Trudeau's Liberal party was projected to win the most seats in the 338-seat Parliament. However, the Canadian Broadcasting Corporation said it would be a minority government, forced to rely on an opposition party to stay in power.
Prime Minister Justin Trudeau appeared set to win a second term in Canada's national elections on Monday, delivering unexpectedly strong results despite having been weakened by a series of scandals that cast doubt on his judgment and tarnished his image as a liberal icon.
Trudeau's Liberal party was projected to win the most seats in the 338-seat Parliament, giving it the best chance to form the next government.
However, the Canadian Broadcasting Corporation said it would be a minority government, forced to rely on an opposition party to stay in power.
"It's not quite the same as 2015. It's not all owing to the leader," said Robert Bothwell, a professor of Canadian history and international relations at the University of Toronto. "Trudeau is prime minister because the rest of the party was able to pull itself together and prevail.
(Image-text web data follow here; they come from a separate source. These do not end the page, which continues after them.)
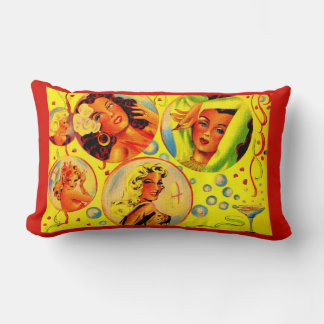 1940s glamour girls print lumbar pillow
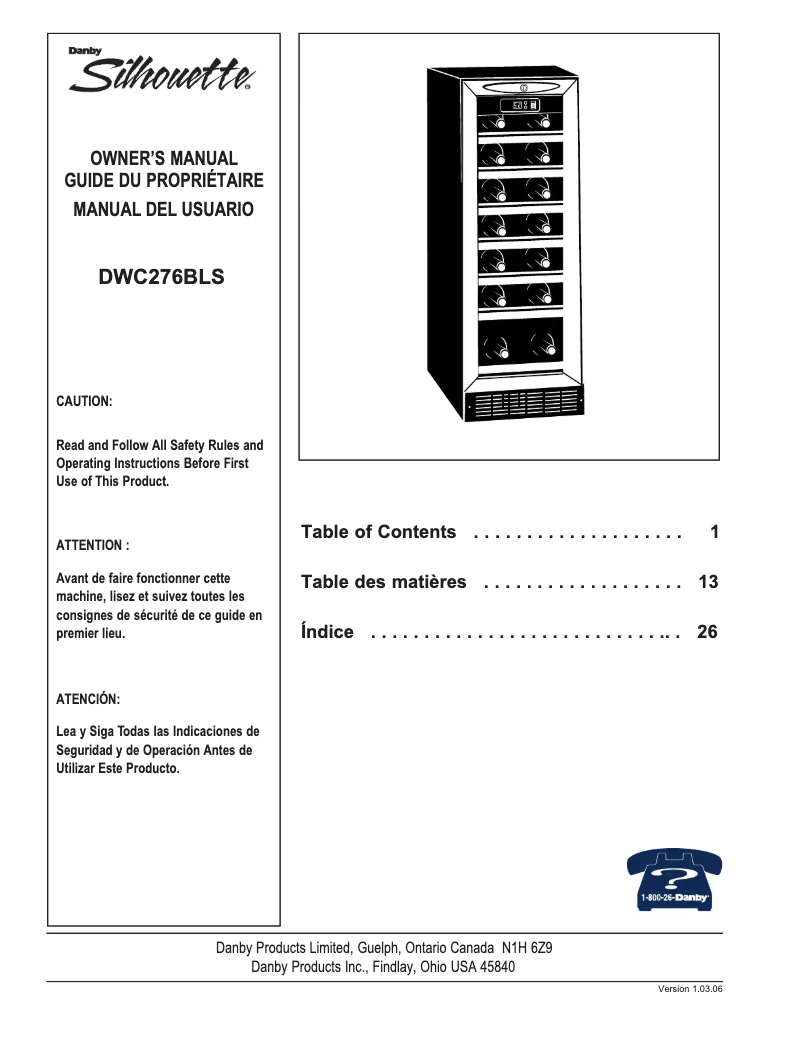 Page 1 de la notice Manuel utilisateur Danby Silhouette DWC276BLS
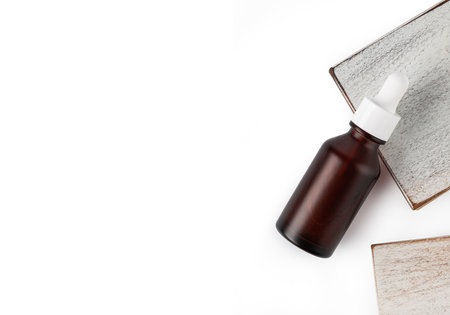 cosmetic bottle on white backgroundの写真素材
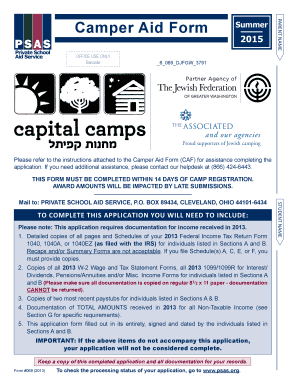 Camper Aid Form Application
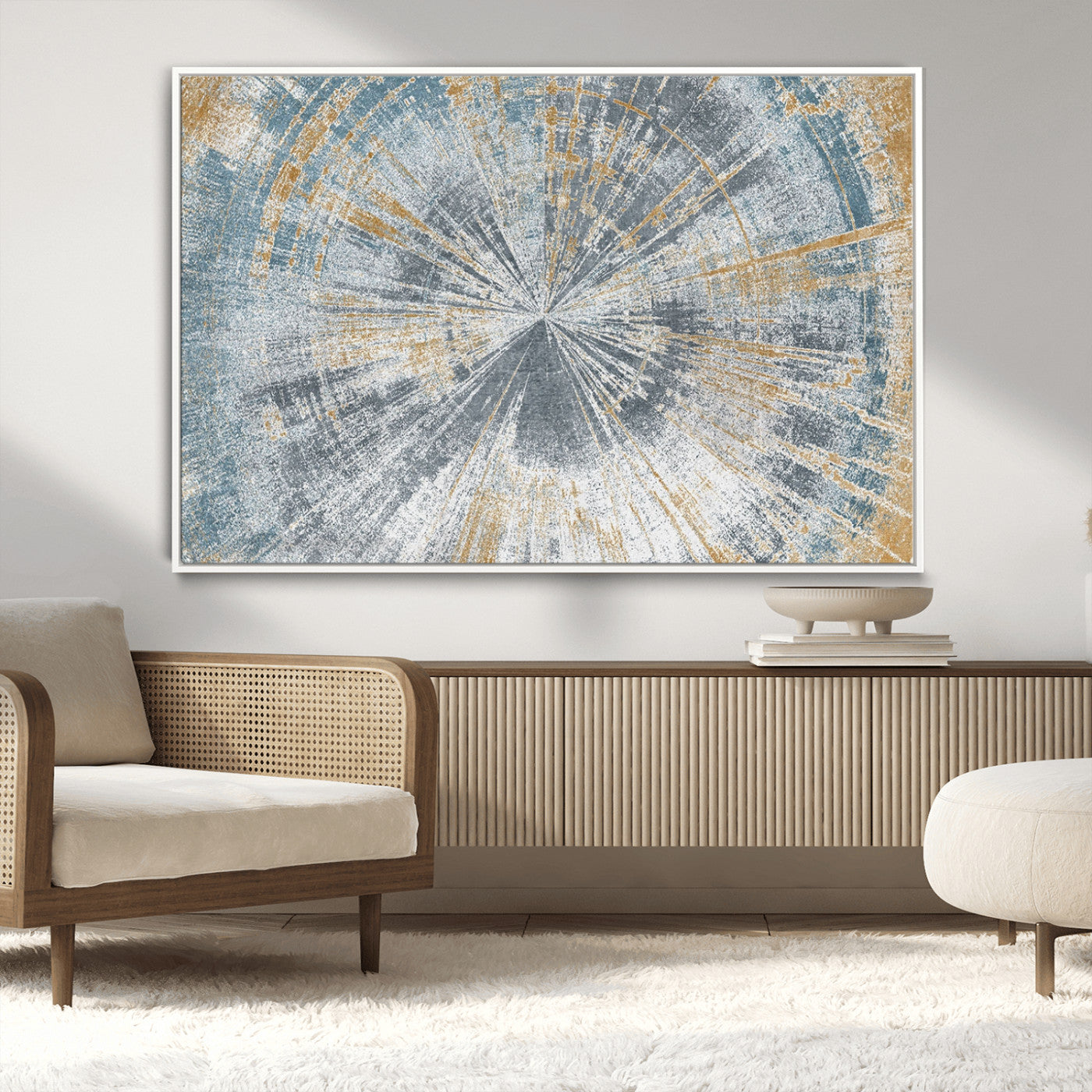 17631-MGV-CV-36X24-Radiant Burst Wall Art – Abstract Sunburst Canvas Print in Blue and Gold, Modern Geometric Painting for Living Room, Office or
While Trudeau certainly deserves credit for what has happened he's really going to have to demonstrate qualities that he hasn't yet shown."
Still, the results were a victory for Trudeau, whose clean-cut image took a hit after old photos of him in blackface and brownface surfaced last month.
"I'm surprised at how well Trudeau has done," said Nelson Wiseman, a political science professor at the University of Toronto. "I don't think anybody expected Trudeau to get a majority but they are not that far off."
The Canadian vote came down to what was essentially a choice between the handsome and charismatic Trudeau and the Conservatives' unassuming leader, Andrew Scheer, who was seen as the perfect antidote to Trudeau's flash and celebrity.
Trudeau reasserted liberalism in 2015 after almost 10 years of Conservative Party government in Canada, but scandals combined with high expectations damaged his prospects.
Perhaps sensing Trudeau was in trouble, Barack Obama made an unprecedented endorsement by a former American president in urging Canadians to re-elect Trudeau and saying the world needs his progressive leadership now.
Trudeau, son of the liberal icon and late Prime Minister Pierre Trudeau, is one of the few remaining progressive world leaders in the Trump era and even appeared on the cover of Rolling Stone magazine under the headline "Why Can't He Be Our President?"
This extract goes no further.